How to complete this task –
Find how many lines of the following entries contain "Hawaii". Reply with the number alone.

Collection entries:

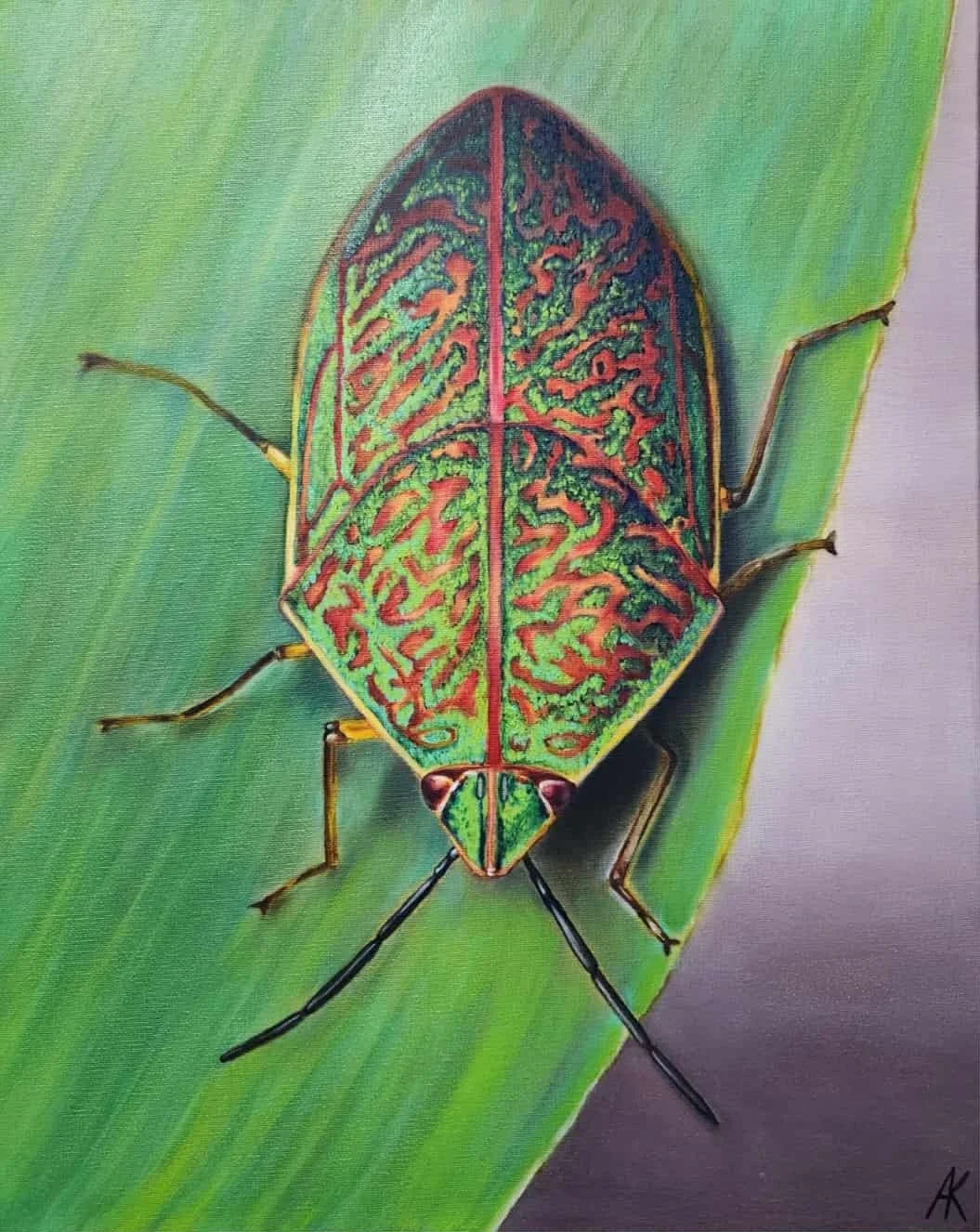 Pu'u Koa / Koa Bug / Coleotichus blackburniae / 
It is Hawaii's largest endemic true bug. /
The Jewel of the Forest / 16"x 20"
oil painting on stretched canvas /
My submission to the Hawaii Nei 2025 at the Wailoa Art Center, in Hilo, Hawaii. /
It won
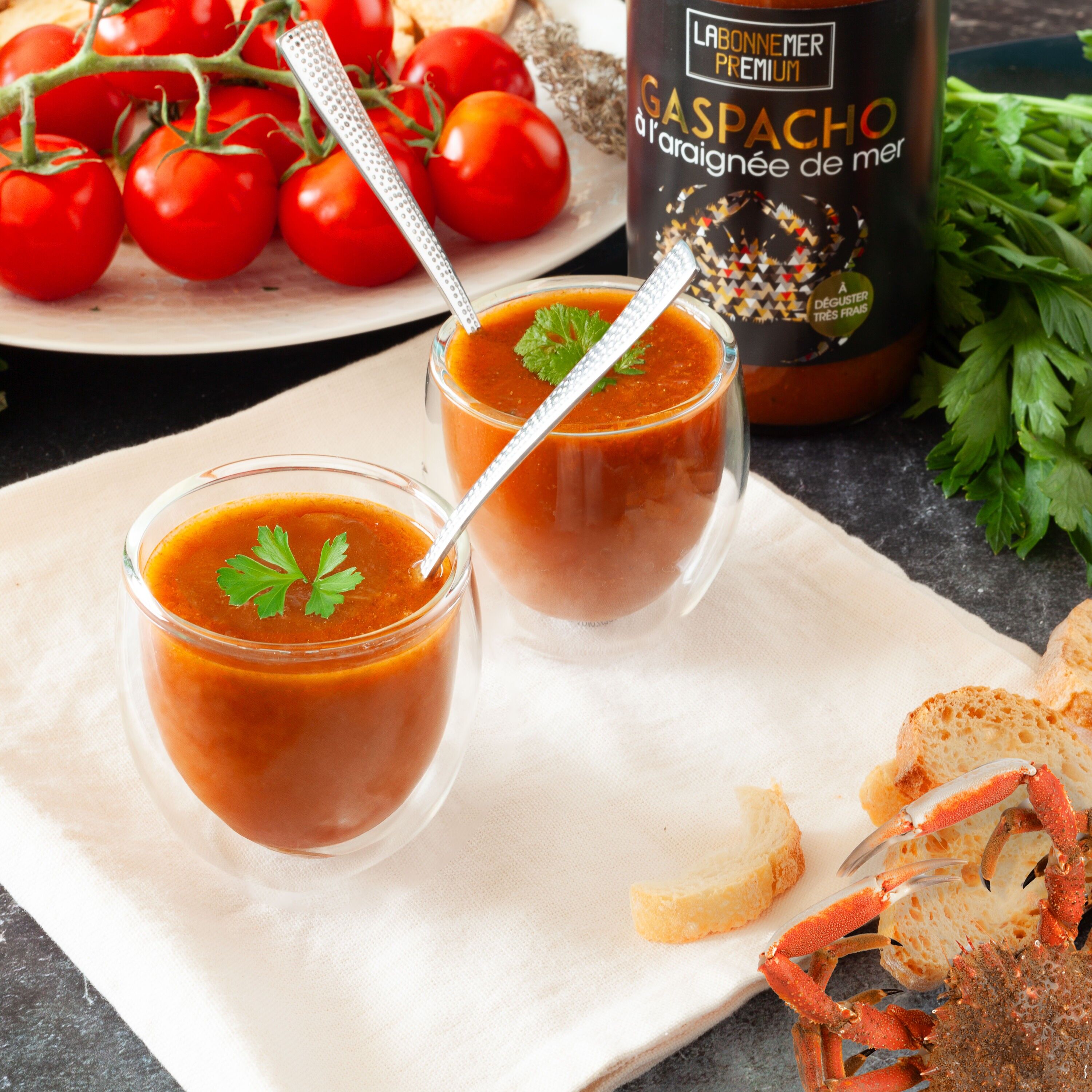 Bio-Spinnenkrabben-Gazpacho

Solved exercise –
2